隙間があるとき→「順反り」という事 :順反りを直すにはトラスナットを締める(トラスナットから向かって時計回り)
隙間がないとき→「逆反り」という事 :逆反りを直すにはトラスナットを緩める(トラスナットから向かって反時計回り)

※この確認は通常6弦のみ見ればいいです。ただしネックのねじれを確認したい時は逆側の1弦も見てみましょう。ねじれがなければ隙間は6弦も1弦も同じくらいです。逆にねじれている場合は6弦と1弦で各隙間に大きく差が生じています。

 

下の画像がネック調整が完了した一般的なネックの状態です。

だいたいコピー用紙ぐらいの厚さの紙が1フレットと最終フレットを押さえたままの状態でちょうど入るぐらいの隙間がネックにとっていい状態です。

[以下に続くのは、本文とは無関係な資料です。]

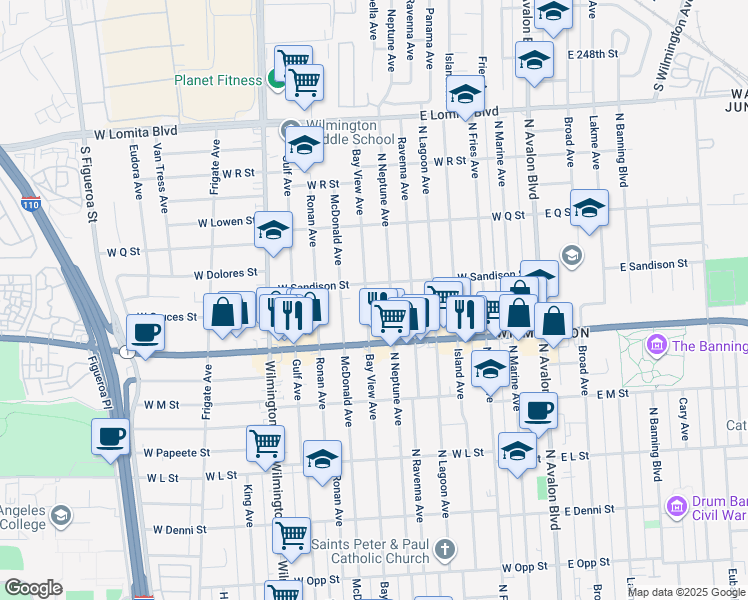 map of restaurants, bars, coffee shops, grocery stores, and more near 1452 Bay View Avenue in Los Angeles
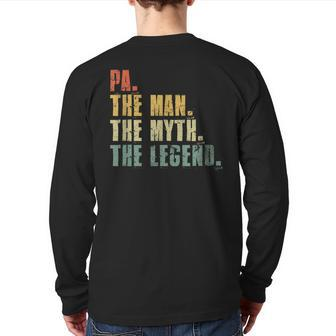 Pa Man Myth Legend For Dad Father's Day Back Print Long Sleeve T-shirt | Mazezy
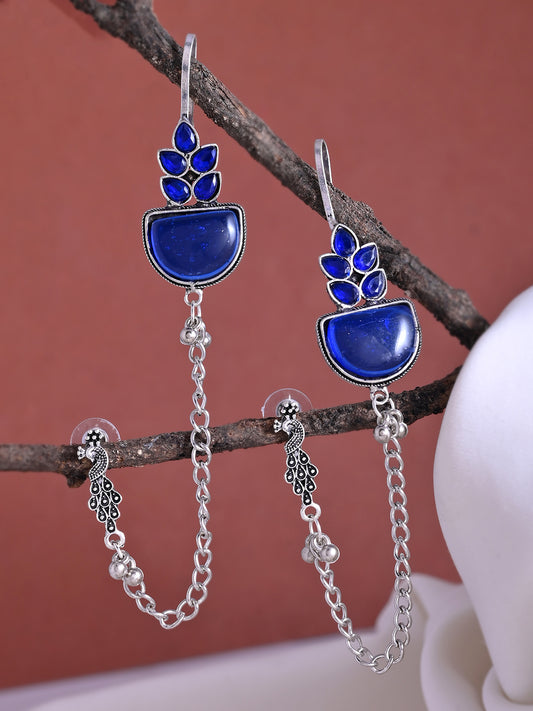 Boho Drop Oxidised Silver Long Chain Earrings With Blue Stone For Women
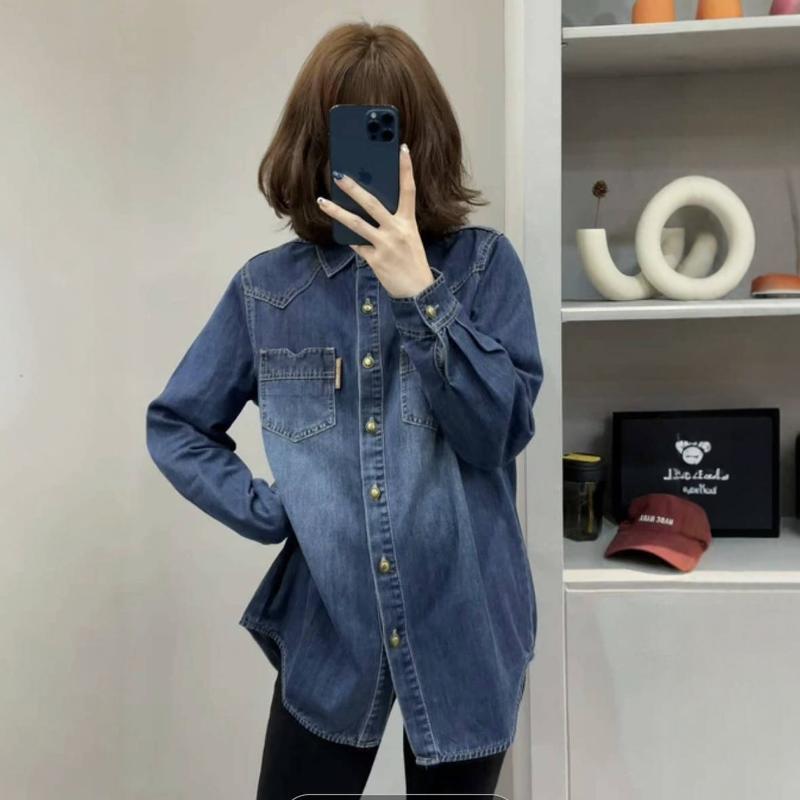 Women's Autumn Loose Denim Shirt Jacket - Casual Layered Cardigan Style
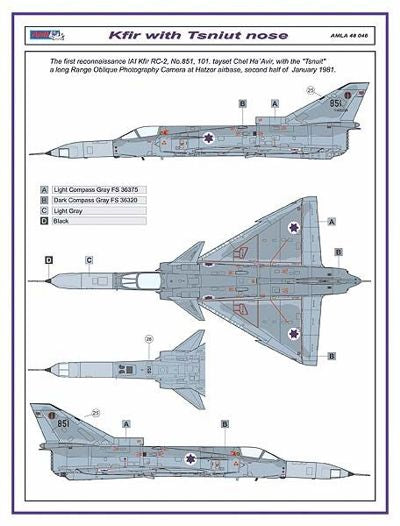 AML AMLA48046 1:48 IAI Kfir RC-2 / Tsniut camera nose Conversion set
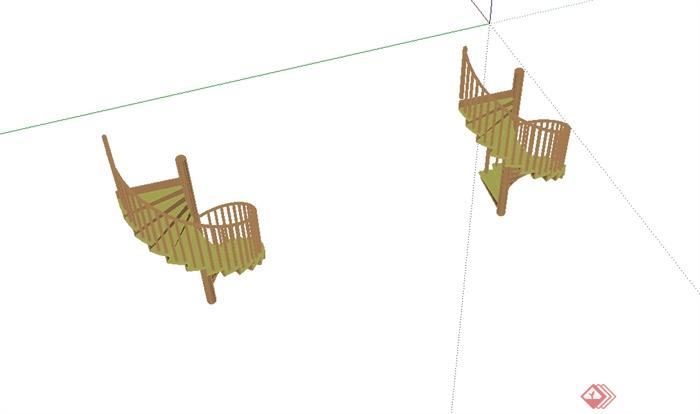 现代风格室内旋转楼梯su模型(3)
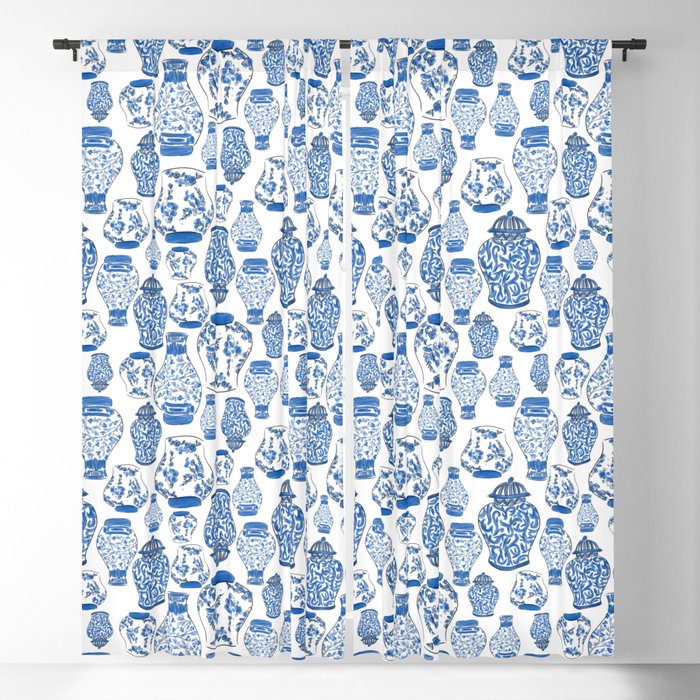 Chinoiserie Blue and White Jars Blackout Curtain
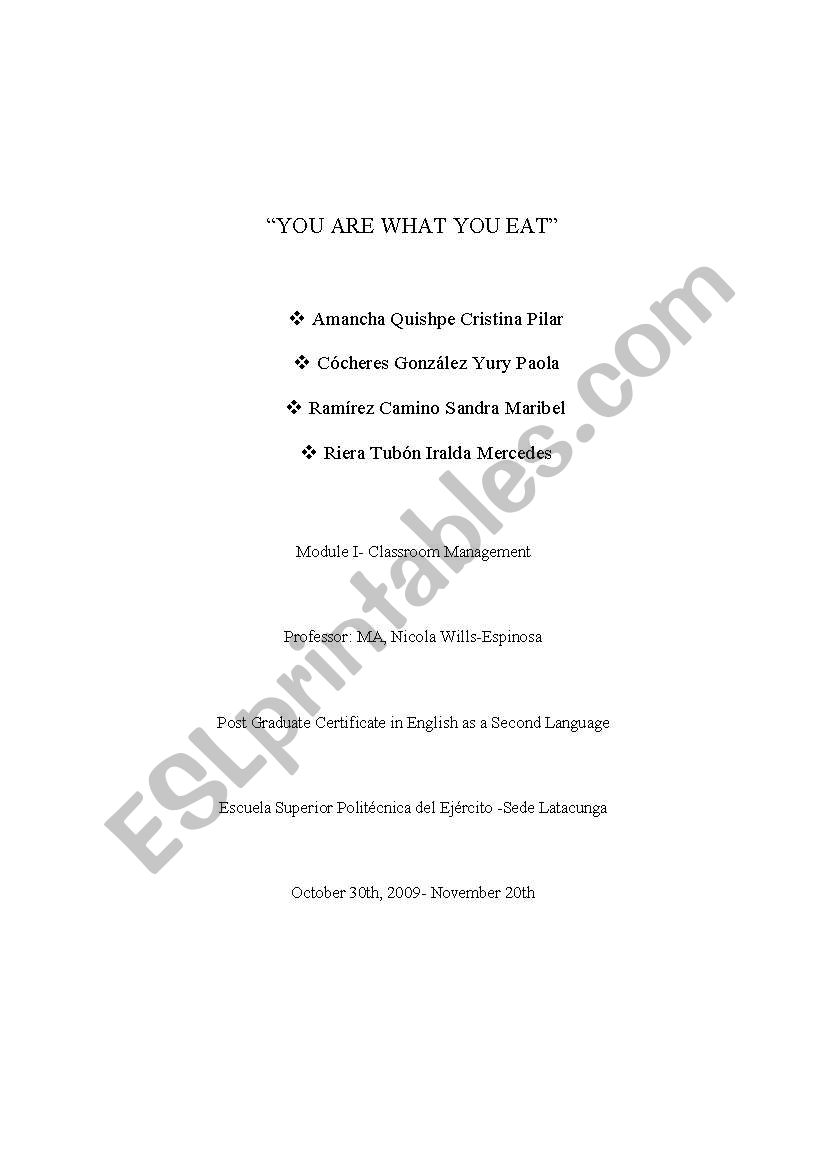 LESSON PLAN FOOD worksheet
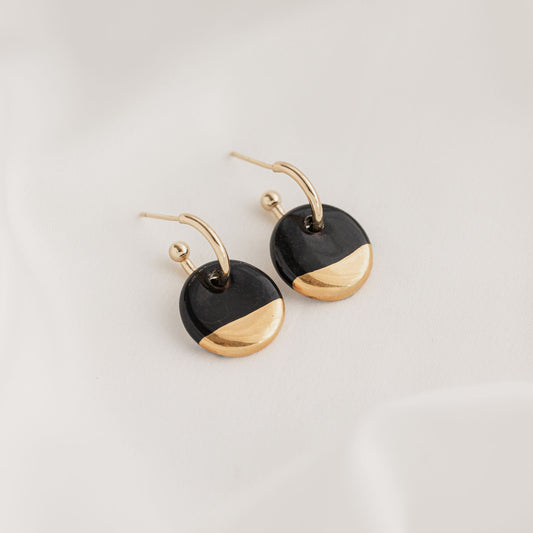Black Mini Ceramic Circle Charm with Huggie Hoops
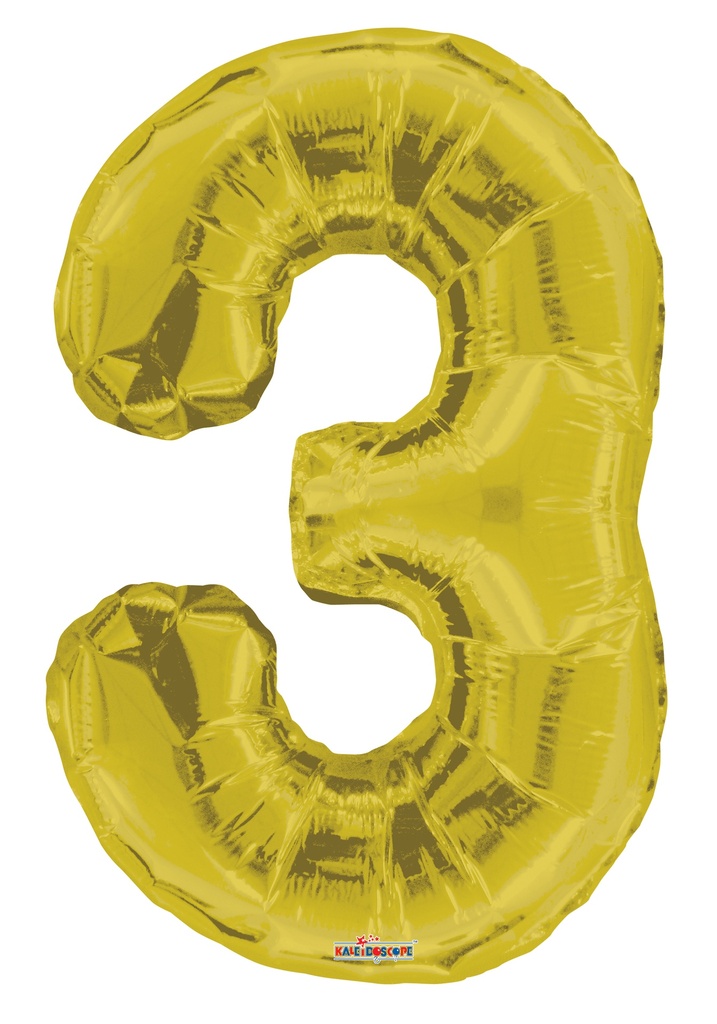 34" Number 3 Gold Kaleidoscope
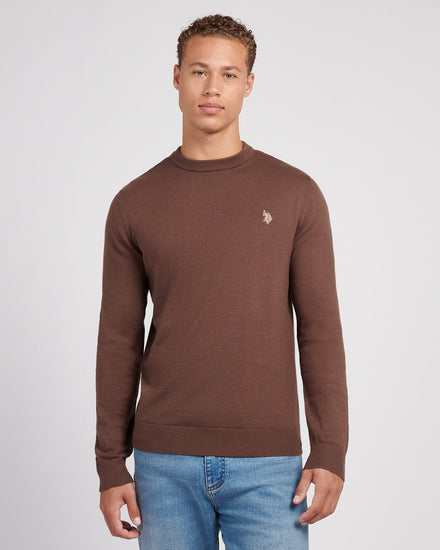 Mens Cotton Crewneck in Chocolate Martini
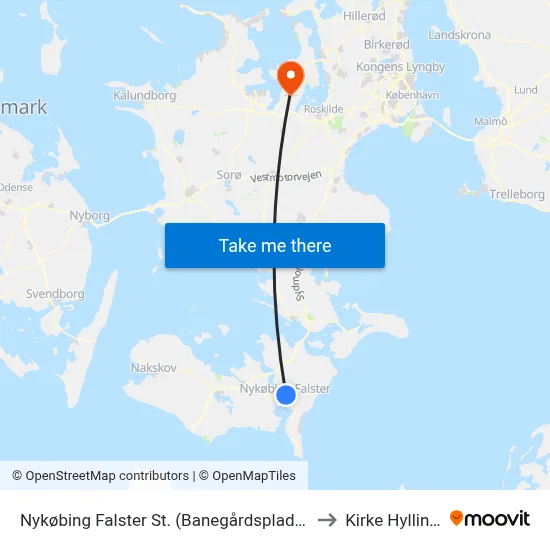 Nykøbing Falster St. (Banegårdspladsen) to Kirke Hyllinge map
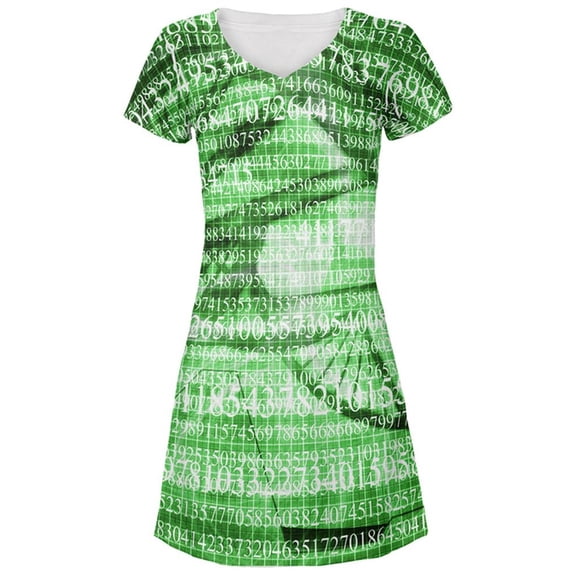 Math Science Genetics Geek Numbers are Life All Over Juniors Beach Cover-Up Dress Multi LG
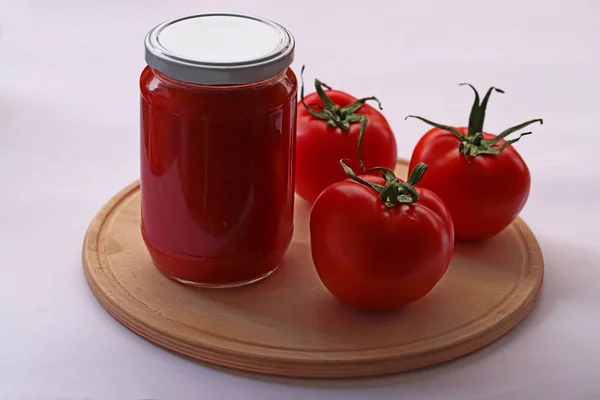 Tomato Paste Jar Tomatoes White Background — Stock Photo, Image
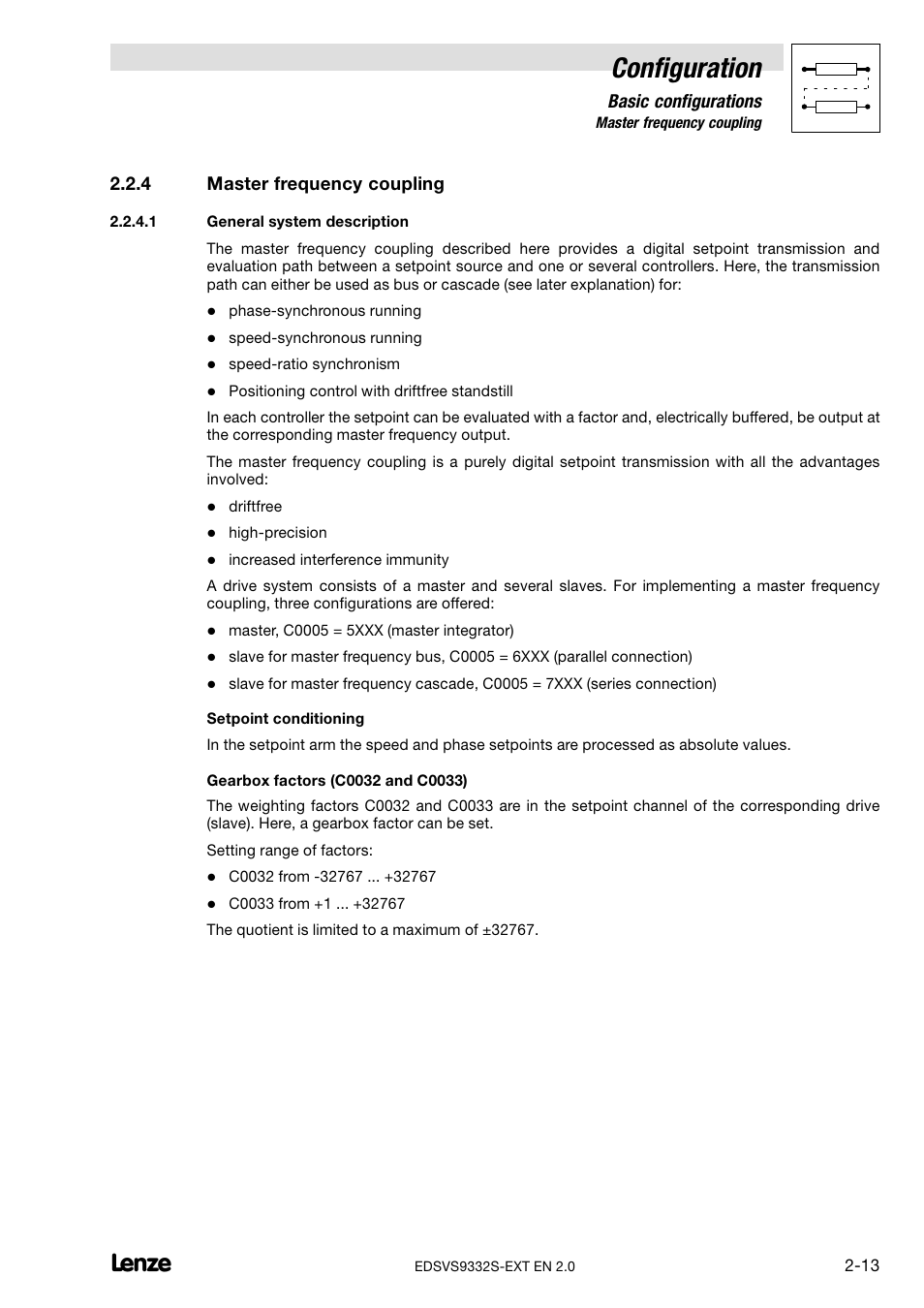 4 master frequency coupling, General system description, Master frequency coupling | Configuration | Lenze EVS9332xS User Manual | Page 25 / 264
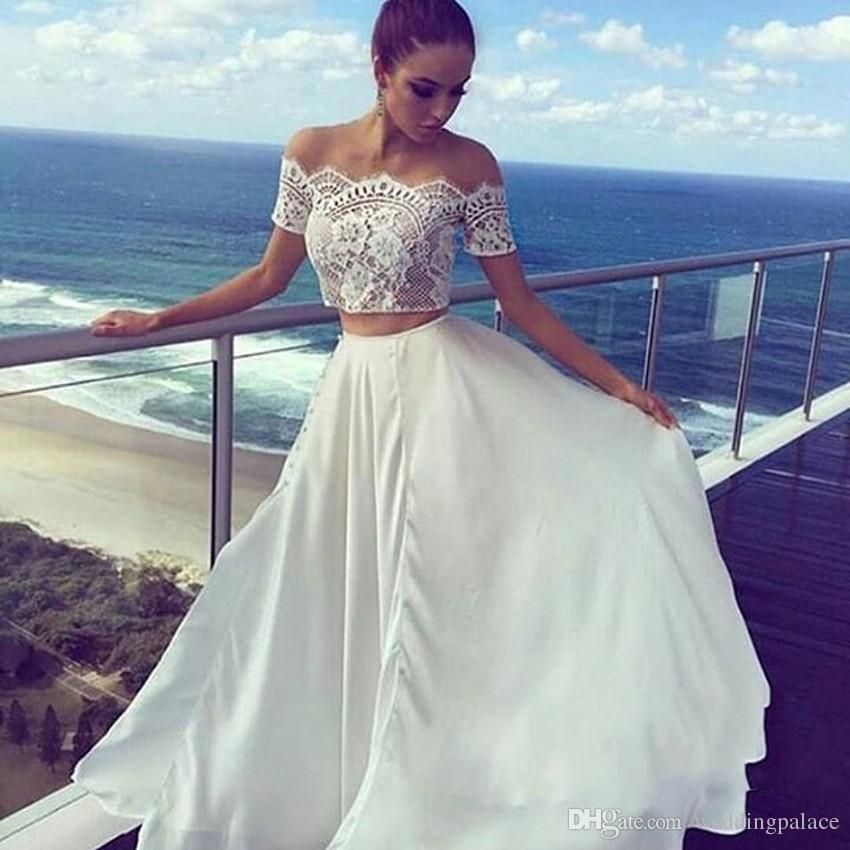 Nuevo diseño sencillo vestido de fiesta blanco Elegante dos piezas de encaje de manga corta Vestidos Nuevo diseño sencillo vestido de fiesta blanco Elegante dos piezas de encaje de manga corta Vestidos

紙が入るぐらいの隙間があるという事はほんの少し順反りしているという事なのですが、これだとネックがまっすぐじゃないからダメなんじゃないかと思う方もいらっしゃるかと思います。

結論から言うとこれで大丈夫です。

多くのギターの場合ネックをまっすぐにしすぎてしまうと開放弦(0フレット)のビリつきが多くなってしまう事があります。それを回避するのにほんの少しだけ順反りをさせ開放弦のビリつきを低減させているのです。

例外として良くできたギターの場合はネックがまっすぐでも開放弦のビリつきが目立たない傾向にあります。(いわゆるハイエンドギターと呼ばれるものや熟練の職人にトータルで調整してもらったギターなど)

 

ネックの状態による不具合

 

下記は適正ではない反り方をしている場合に起こりうる不具合の一例です↓

・順反りすぎる→弦高が高くなってしまい全体的に弾きづらい。オクターブ調整がしっかりされているのにハイフレット付近において音がシャープしてしまう。それに加えてハイフレット付近のビリつきや音詰まりが目立つ。
・逆反りすぎる→開放弦が「ペチペチ」としていて正しい音が出ない。ローフレット付近においてビリつきや音詰まりが目立つ。逆ぞりの場合も弦高のセッティングにもよりますがハイフレット付近での音程の狂いがあります。

 

最後に

説明した調整はあくまで一般的な方法です。イレギュラーな状態のギター(ヴィンテージや弦高調整が上手くいかない個体など)にはあえてネックの順ぞりを多めにもしくは逆ぞりを多めにしたりする場合があります。なのであくまで目安として調整をしてみて下さい。